Friday, November 14, 2025

Genesis 5, verses 21 to 24, part 6, history of a belief in a Rapture

 


This does not prove, of course, that either doctrine is true but just that they are not new doctrines, either the premillennial view or the translation of the church, but that these early church leaders, the viewpoint of the Apostles who knew Christ, and the Scriptures can point in this direction.

The dominant viewpoint of the Roman Catholic Church after Augustine was that there was no millennium, in that references to a thousand year reign were allegorical and that the Roman church was ruling the world in Christ’s place as his proxy. The Reformation called that into doubt. The dominant viewpoint in early America up to the turn of the 20th century among evangelical Protestants was called postmillennial, in that the church would rule the world with Christ reigning spiritually through it, as men became more righteous and more Christian in appearance and practice.

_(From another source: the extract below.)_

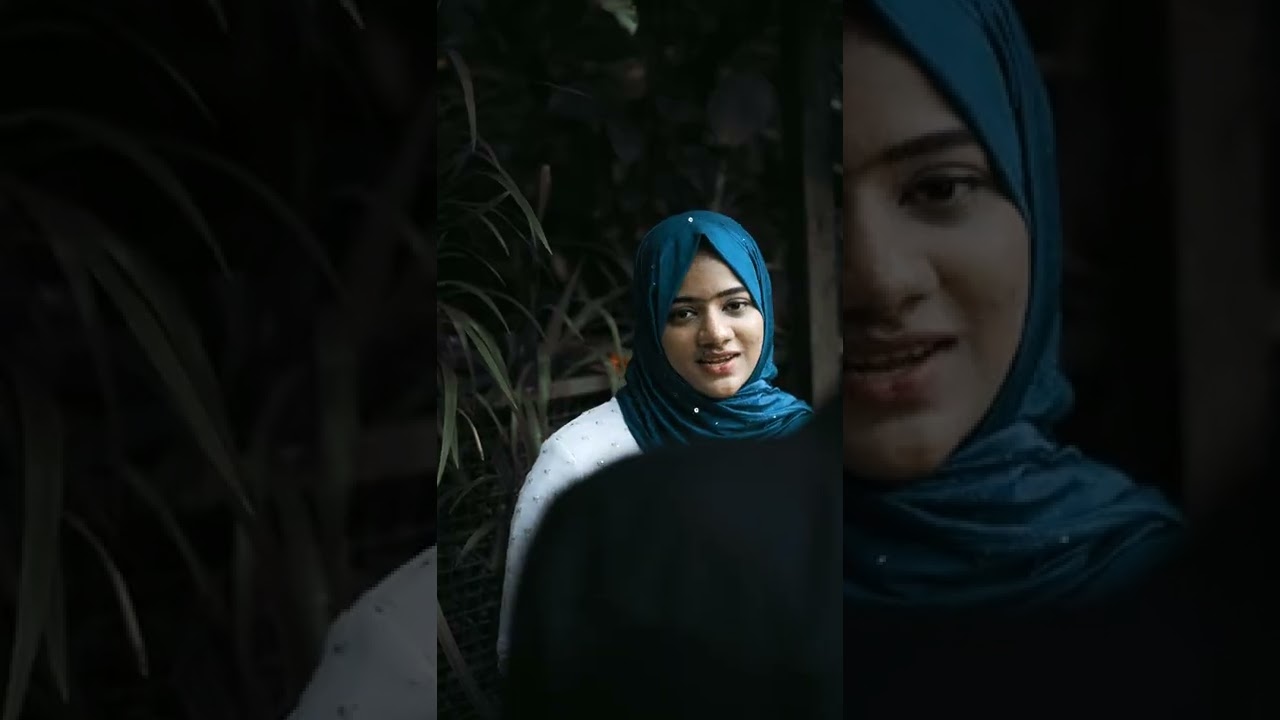 Neeyo Cover | Thahir Muhammed | Anjala Nusreen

The American Theological Review, in 1859, said that postmillennialism, whereby a millennium would be set up and the religion of Christ would be everywhere and, “his spiritual reign would be universal,” and that would be followed by Christ’s physical return was the, “commonly received doctrine,” in the 1800’s. While admitting that this was not what the early church believed, as the early church said and we believe, He will return first to rule and then the millennium, the thousand year reign, will come, the author goes on to say that the early church was simply wrong.[1]

PART 7 Christians today who do not believe in the Translation of the church, popularly called The Rapture, will say that preacher of the early 1800’s, John Nelson Darby, invented the doctrine. He did popularize it in a world that regarded evolutionary progress as truth and that mankind and Christians in particular were headed toward a Golden Age of righteousness and peace.[2]



[1] Henry Boynton Smith, ”History of Opinions Respecting the Millennium,” The American Theological Review (Boston: Charles Scribner & Son, 1859), 642.

 

[2] J.N. Darby, “The Rapture of the Saints,” in The Heavenly Hope, or, What is the Hope of the Christian? What is the Hope of the Church? (Dublin: Dublin Tract Repository, 1844).